I know that her story has definitely inspired me to do all that I can to stay sober, and that many of my fellow alcoholics have not been able to do so. I also have realized, being forty two now myself, that although she was fairly young when she died - fifty three - that forty two and fifty three is a long time. I have already had a good life. She lived a very long time, had a long marriage, two kids, jobs, friends, and interests like singing for a whole lifetime before things got really, really bad.

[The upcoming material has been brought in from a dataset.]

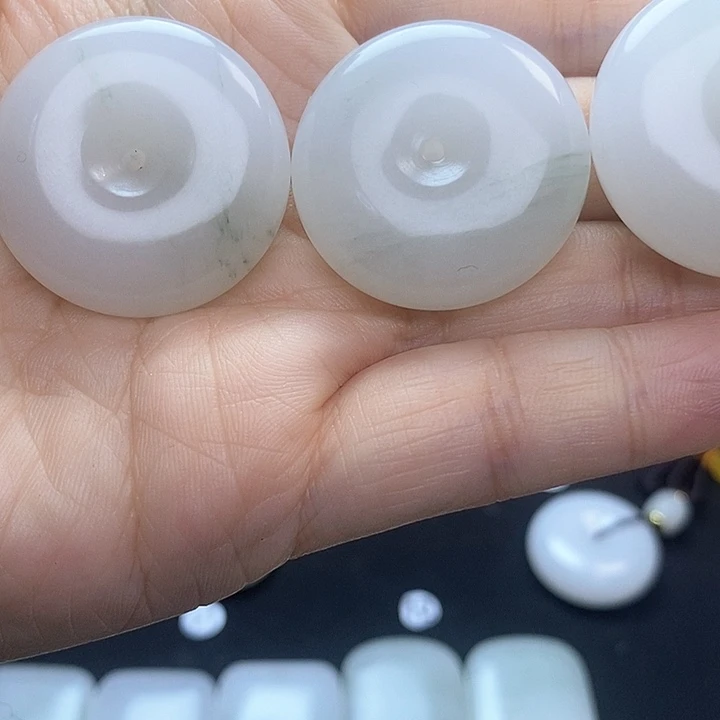 石英质玉颈饰未镶嵌罗*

There are those who believe that my mom was mentally ill, perhaps bipolar or some such other problem. But I don't think that's the case. I think she quite simply had alcoholism, and also PTSD from past abuse. Then I think person after person let her down, and she also did not turn to some places that she could have. I see Mom as a champion for women's rights in that she did whatever it took to stand up for herself. She was willing to lose support from people she cared about. Perhaps she was somewhat misguided, because certainly there is no bigger way to say "fuck you" to society than to quit living by its rules, but the ones she broke may have hurt her more than anyone. Still, she did it, which was enormously brave and I am so very proud of her for not going back on her truth about the abuse. I can only assume that at some point the lack of support was too much and so she got together with hurtful people and also back with her sister. Certainly much of her rebellion was aimed at continuing to blot out her pain with alcohol. Certainly that part hurt others, and ultimately I will call it wrong. Yet I have enormous sympathy for it. I know what that terror feels like, when someone has hurt you and you want the people you love to believe you, to protect you, to support you, and they don't. So you find something to help with that feeling. You deny it's a problem so that you can keep your defense. I understand that. I understand so much about her still today. She continues to inspire me still today. My whole life is one of bravery largely due to her.

I wouldn't even have said anything about my own abuse if it hadn't been for Mom. She taught me to speak out, to speak up. She believed me, and she thought I should be heard. She was my advocate.